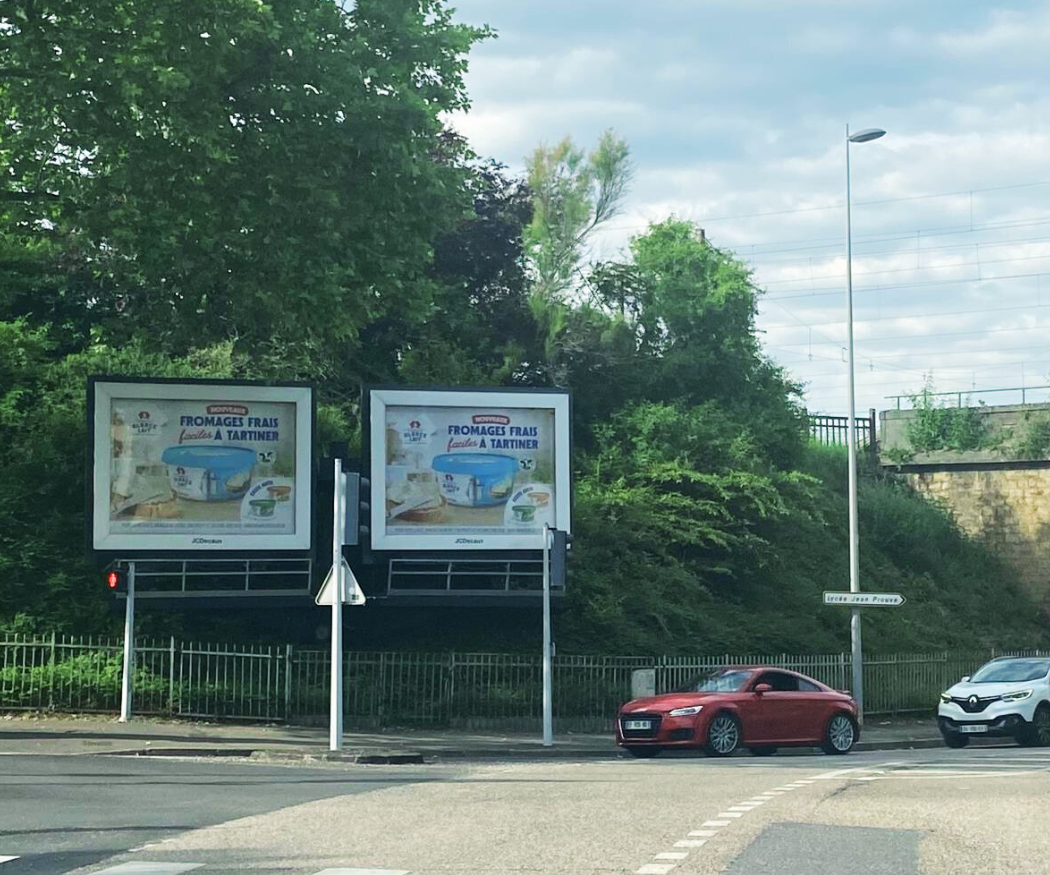 affichage-alsace-lait-26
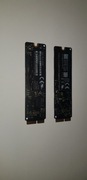 Samsung dysk SSD 256GB pamięć do Apple MacBook 
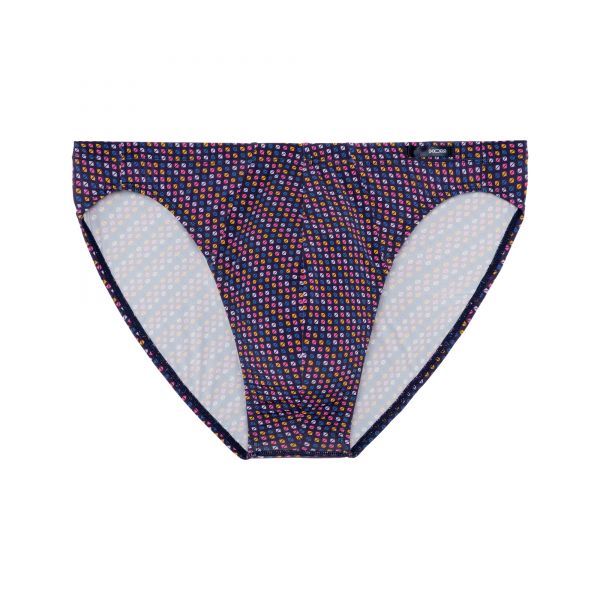 Micro Slip, Hal, Hom 402640-I0RA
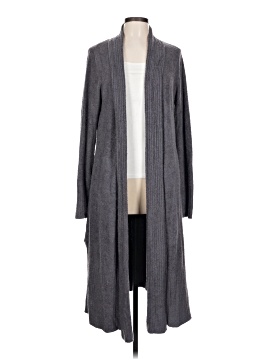 Barefoot Dreams Cardigan
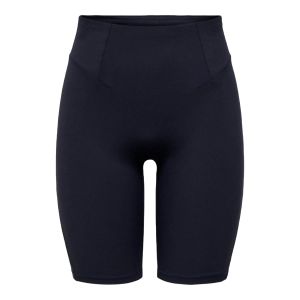 ONLY Play City Shorts Dames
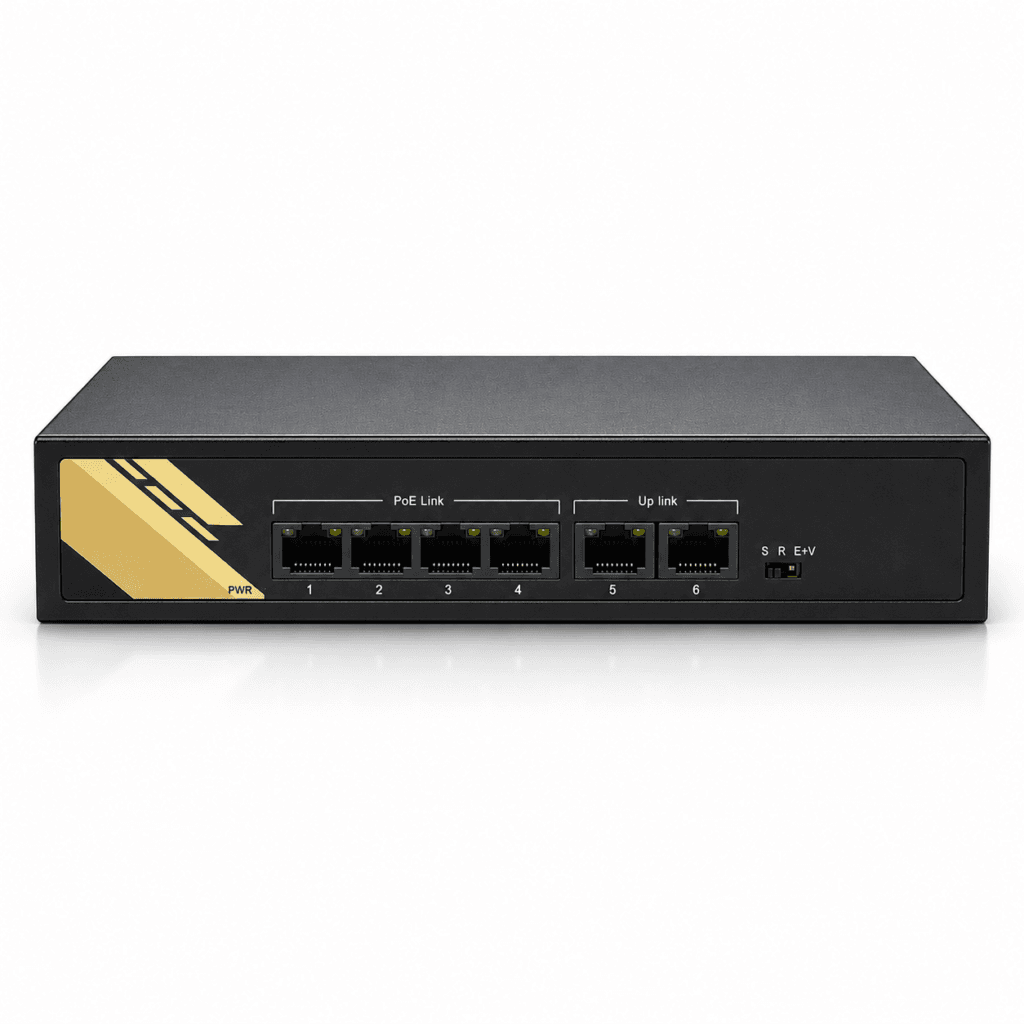 ES-F04PX — product image 2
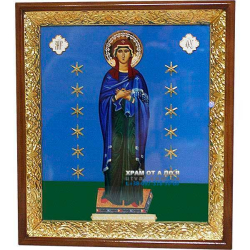 ����� �� ����� ������� ��������� � �������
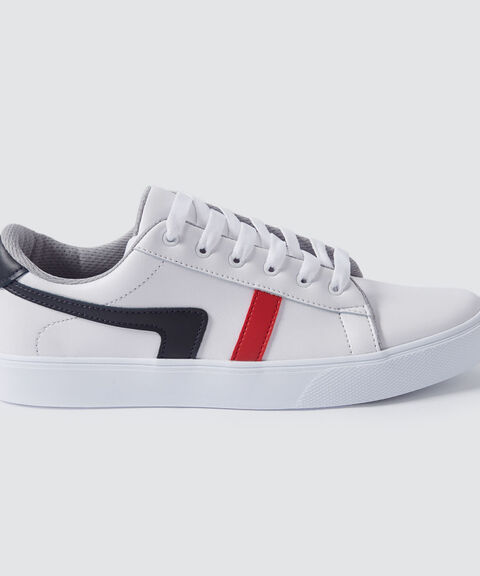 tenis sport para hombre 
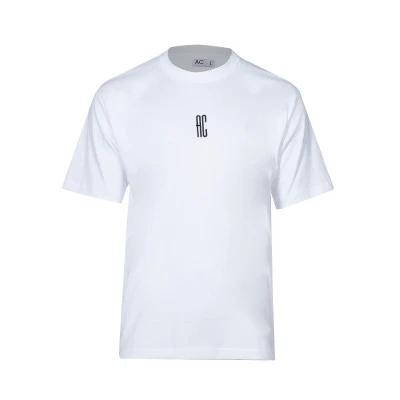 ATH Bilbao Camiseta Ac Bilbao Fanswear — foto 3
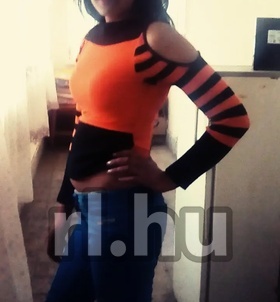 Debrecen, Roxy21 06301258595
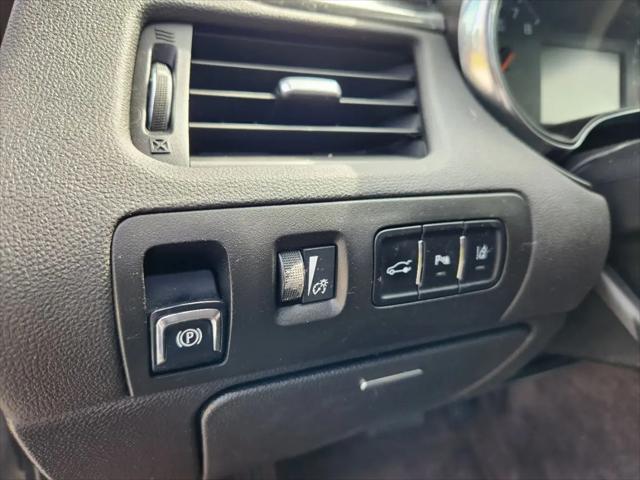 2014 Chevrolet Impala 2LT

_____

• ASSIGNED TASK:
What is needed is an exact copy of every line from the one with "Samsung dysk SSD" to the end of the listing above, with the pictures left out.

• ANSWER TO THIS TASK:
 Samsung dysk SSD 256GB pamięć do Apple MacBook 
 Micro Slip, Hal, Hom 402640-I0RA
 Barefoot Dreams Cardigan
 ONLY Play City Shorts Dames
 ES-F04PX — product image 2
 ����� �� ����� ������� ��������� � �������
 tenis sport para hombre 
 ATH Bilbao Camiseta Ac Bilbao Fanswear — foto 3
 Debrecen, Roxy21 06301258595
 2014 Chevrolet Impala 2LT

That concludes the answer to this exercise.